Despite the near-universal skepticism that initially greeted Folkman?s presentation of his idea that anti-angiogenesis would be an effective approach to cancer chemotherapy, this concept has now become widely accepted and forms a basis not only for cancer therapy, but also for therapy of a broad range of non-neoplastic disorders that Folkman summarizes under the term 'angiogenesis-dependent diseases'. Currently approved therapies, directed against the central bodily chemical involved in angiogenesis, VEGF, are useful, but not entirely safe or effective. We propose to develop new anti-VEGF agents through discovery by powerful phage display methods, and to apply these new agents as a forthcoming generation of safe and effective angiogenesis inhibitors.

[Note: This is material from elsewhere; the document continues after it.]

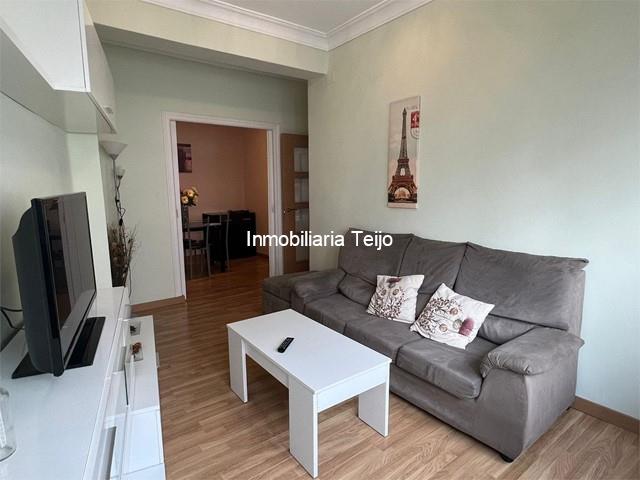 SE VENDE PISO EN ESTEIRO - Ferrol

Our specific aims are: (i) to discover and develop new anti-angiogenic peptidomimetic compounds targeting the VEGF receptor family, and (ii) to design and test new agents for therapeutic control of retinal angiogenesis. These agents would both bind selectively to pathological new blood vessels and block or destroy them, without affecting normal blood vessels. Our goal is to understand and inhibit pathological angiogenesis in the neural retina of experimental mouse models of human blindness-causing diseases.
Blood vessels are essential bodily components that deliver oxygen and nutrients to almost all organs and tissues. Most vessels are formed during embryonic development, and in adults the formation of new blood vessels (a process called angiogenesis) is limited, mainly during wound healing and the normal female reproductive cycle. This creates an opportunity for therapy, as several diseases can progress only if they induce the formation of new blood vessels;cancer, obesity, diabetes, asthma, arthritis, cirrhosis, and ocular diseases are among the many illnesses likely to be slowed down or blocked by the development of angiogenesis inhibitors. Our goal in this proposal is to understand and prevent the pathological angiogenesis process in experimental models for diseases of the retina while sparing normal angiogenesis, with the expectation that the results will, in time, extrapolate to new treatment regimens and therapy for the two major retinal vascular diseases causing blindness in the U.S. for which we have good experimental models -- retinopathy of prematurity and age-related macular degeneration.